なお本体の予約受付開始は1週間前に告知を行うとしており、まずは20000台を生産中。予定数を上回った場合も「売り切れ」状態にはせず、予約注文数に応じて順次生産して発送していくとのこと。
- 充電池 時計表示: 最大14日間、ゲームプレイ: 8時間
- CPU 180MHz Cortex M7
- SDKサポート: LuaとC
- 容量 16MB RAM/32KB L1 Cache/4GB Flash
- サイズ 76×74×9mm
- 同梱物 Playdate本体、USB-C-A ケーブル、ユーザガイド
- 無線通信 802.11bgn 2.4GHz Wi-Fi/Bluetooth
- サウンド モノラルスピーカー/ステレオヘッドフォン端子/コンデンサマイク + 4極プラグ (TRRS)
- 画面 400×240 1-bit
- 入力 十字ボタン/A+Bボタン/スリープ+メニュー/3軸加速度センサー/クランク
- 価格 179米ドル+各国消費税(送料別)
充電機能つき卓上ドックとカバーが発表
周辺機器ではまず、卓上ドックとなる“Playdate Stereo Dock”が発表。前面にPlaydate本体をくっつけることで充電が可能なほか、ステレオBluetoothスピーカーとしても機能(ついでにペン立てにもなる)。なおこの製品のために音楽プレイヤー系アプリも作られるという。
そしてPlaydate本体を持ち運ぶ際にボタンなどを無駄に押さずに保護するカバー“Playdate Cover”も登場予定。こちらは29ドルで本体と同時に予約開始するようだ。
国内外のインディー・小規模スタジオによるユニークなゲームが登場予定
では肝心のゲームはどういったものになるのかと言えば、国内外のインディーや小規模スタジオによる、本作の特性を活かしたニッチでユニークなゲームが登場予定。

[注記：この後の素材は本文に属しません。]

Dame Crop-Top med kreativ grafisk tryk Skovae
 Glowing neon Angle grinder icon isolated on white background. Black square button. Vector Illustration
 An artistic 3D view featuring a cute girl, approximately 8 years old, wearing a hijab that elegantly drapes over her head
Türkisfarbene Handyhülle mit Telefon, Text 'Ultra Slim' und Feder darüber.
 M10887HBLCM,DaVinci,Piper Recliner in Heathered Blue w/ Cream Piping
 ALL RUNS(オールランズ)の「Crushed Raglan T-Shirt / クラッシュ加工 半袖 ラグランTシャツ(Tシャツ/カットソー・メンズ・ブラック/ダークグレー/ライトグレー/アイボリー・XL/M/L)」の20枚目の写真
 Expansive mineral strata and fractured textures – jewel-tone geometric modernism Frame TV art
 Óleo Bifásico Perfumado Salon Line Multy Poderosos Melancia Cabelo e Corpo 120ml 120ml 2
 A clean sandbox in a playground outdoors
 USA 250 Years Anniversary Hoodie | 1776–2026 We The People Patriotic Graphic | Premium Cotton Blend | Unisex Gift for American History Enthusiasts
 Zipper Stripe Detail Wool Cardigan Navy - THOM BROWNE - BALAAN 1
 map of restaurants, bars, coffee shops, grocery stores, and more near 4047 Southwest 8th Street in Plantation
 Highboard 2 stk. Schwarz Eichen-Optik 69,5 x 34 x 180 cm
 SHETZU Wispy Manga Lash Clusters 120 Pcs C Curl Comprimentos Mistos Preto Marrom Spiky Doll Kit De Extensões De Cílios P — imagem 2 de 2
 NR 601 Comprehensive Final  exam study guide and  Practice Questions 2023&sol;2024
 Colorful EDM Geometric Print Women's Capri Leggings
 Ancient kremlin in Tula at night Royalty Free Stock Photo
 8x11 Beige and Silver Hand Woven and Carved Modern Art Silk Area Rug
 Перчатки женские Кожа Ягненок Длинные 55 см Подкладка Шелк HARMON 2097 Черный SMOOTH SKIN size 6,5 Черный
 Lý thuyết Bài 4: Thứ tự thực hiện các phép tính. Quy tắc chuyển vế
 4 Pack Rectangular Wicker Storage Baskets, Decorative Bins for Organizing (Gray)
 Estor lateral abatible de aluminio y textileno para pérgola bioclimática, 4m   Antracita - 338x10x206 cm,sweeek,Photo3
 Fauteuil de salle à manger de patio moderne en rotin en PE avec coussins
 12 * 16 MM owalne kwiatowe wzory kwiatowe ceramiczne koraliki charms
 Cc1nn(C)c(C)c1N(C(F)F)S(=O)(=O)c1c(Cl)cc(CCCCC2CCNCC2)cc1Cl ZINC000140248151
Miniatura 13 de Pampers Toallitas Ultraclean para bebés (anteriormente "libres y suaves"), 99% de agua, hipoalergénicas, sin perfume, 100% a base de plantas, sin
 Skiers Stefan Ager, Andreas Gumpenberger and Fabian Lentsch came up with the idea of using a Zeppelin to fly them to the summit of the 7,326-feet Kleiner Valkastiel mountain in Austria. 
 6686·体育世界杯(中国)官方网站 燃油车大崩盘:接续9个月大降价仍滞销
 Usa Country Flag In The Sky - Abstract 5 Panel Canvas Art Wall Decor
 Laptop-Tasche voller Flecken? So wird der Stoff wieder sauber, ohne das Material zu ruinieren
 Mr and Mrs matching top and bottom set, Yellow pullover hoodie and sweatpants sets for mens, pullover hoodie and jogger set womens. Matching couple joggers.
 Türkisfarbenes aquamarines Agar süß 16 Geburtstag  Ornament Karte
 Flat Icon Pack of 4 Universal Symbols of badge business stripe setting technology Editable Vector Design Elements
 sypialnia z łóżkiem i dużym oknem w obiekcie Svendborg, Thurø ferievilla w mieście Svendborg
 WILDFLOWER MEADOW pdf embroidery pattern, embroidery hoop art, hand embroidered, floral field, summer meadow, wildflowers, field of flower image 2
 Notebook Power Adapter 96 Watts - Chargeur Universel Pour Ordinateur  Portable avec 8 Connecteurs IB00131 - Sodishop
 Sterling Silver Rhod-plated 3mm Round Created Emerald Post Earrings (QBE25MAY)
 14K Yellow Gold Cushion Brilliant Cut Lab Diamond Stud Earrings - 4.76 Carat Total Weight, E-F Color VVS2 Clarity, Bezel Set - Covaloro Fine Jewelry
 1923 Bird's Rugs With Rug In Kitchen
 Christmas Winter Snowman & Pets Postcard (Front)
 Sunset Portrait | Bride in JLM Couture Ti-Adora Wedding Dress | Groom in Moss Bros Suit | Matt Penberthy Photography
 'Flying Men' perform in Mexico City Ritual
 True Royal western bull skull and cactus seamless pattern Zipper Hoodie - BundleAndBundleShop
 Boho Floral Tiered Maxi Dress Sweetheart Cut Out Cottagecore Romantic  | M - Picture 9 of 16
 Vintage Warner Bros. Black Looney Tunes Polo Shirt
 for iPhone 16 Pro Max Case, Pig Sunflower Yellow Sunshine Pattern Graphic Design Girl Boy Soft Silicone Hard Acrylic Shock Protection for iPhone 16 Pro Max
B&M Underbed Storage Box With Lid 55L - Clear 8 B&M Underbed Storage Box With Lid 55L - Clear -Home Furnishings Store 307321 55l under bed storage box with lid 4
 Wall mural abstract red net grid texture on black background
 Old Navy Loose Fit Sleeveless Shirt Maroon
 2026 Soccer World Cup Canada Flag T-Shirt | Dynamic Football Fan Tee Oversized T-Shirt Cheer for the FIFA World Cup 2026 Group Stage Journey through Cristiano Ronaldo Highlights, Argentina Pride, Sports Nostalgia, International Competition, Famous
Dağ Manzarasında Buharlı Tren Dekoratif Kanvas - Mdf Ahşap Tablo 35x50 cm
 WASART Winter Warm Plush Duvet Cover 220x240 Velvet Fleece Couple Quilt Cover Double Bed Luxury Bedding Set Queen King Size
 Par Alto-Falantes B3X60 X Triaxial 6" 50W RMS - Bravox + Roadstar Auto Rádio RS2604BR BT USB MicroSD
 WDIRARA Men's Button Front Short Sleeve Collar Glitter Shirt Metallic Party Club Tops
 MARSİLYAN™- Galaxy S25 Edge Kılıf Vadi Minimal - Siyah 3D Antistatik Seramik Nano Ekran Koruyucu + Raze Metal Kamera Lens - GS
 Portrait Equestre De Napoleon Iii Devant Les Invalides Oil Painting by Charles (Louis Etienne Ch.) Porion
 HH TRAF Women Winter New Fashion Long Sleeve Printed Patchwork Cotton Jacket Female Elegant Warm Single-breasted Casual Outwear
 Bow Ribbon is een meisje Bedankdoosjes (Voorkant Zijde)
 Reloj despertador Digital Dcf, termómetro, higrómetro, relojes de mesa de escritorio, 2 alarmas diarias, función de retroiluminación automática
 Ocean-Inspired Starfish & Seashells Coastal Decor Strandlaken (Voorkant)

また本体価格に“シーズン1”の24タイトルの料金が含まれており、12週間にわたって毎週2作品が届いて楽しめるという寸法。うち21タイトルのタイトル画面が公開されており、『塊魂』の高橋慶太氏が率いるuvulaの『Crankin's Time Travel Adventure』や、高難度アクションゲーム『Getting Over It with Bennett Foddy』のBennet Foddy氏による新作『Zipper』(刀で一刀両断する侍が描かれている)などがリストに挙がっている。
『Papers, Please』作者による新作なども開発進行中
また今回発表されている以外にもPlaydate向けのゲーム開発が進んでおり、『Papers, Please』や『Return of the Obra Dinn』などで知られるLucas Pope氏が『Mars After Midnight』と呼ばれる新作を開発中であることを発表。
具体的なゲーム内容はまだ完全に固まっていないそうだが、公開されている画像を見る限りでは、どうも火星の町を舞台に火星人たちを相手にセラピーなどのお仕事をするようだ。
Crankin. https://t.co/YOP1vBwCfw
— Lucas Pope (@dukope)
2021-06-09 01:22:27
誰でもゲームを作って配布できる
なおシーズン1タイトル以外の公式な提供方法については今後別途発表予定となっているのだが、PC/Mac/Linux向けのSDK(ソフトウェア開発キット)は無料で公開され、開発機や契約などは不要。それを使用して作ったゲームの独自配布・販売は自由に可能というのもポイントだ。
さらに、Webブラウザーから利用できる開発環境“Pulp”が用意され、プログラムコードだけでなくグラフィックやサウンドも含めてWebブラウザーだけで自作ゲームを開発可能だという。
記者の観測範囲内でも興味を示しているインディーゲーム開発者を結構見かけるので、家庭用ゲーム機やPCとはまた違った、Playdateならではのニッチでユニークなシーンが生まれる可能性もあるのではないだろうか。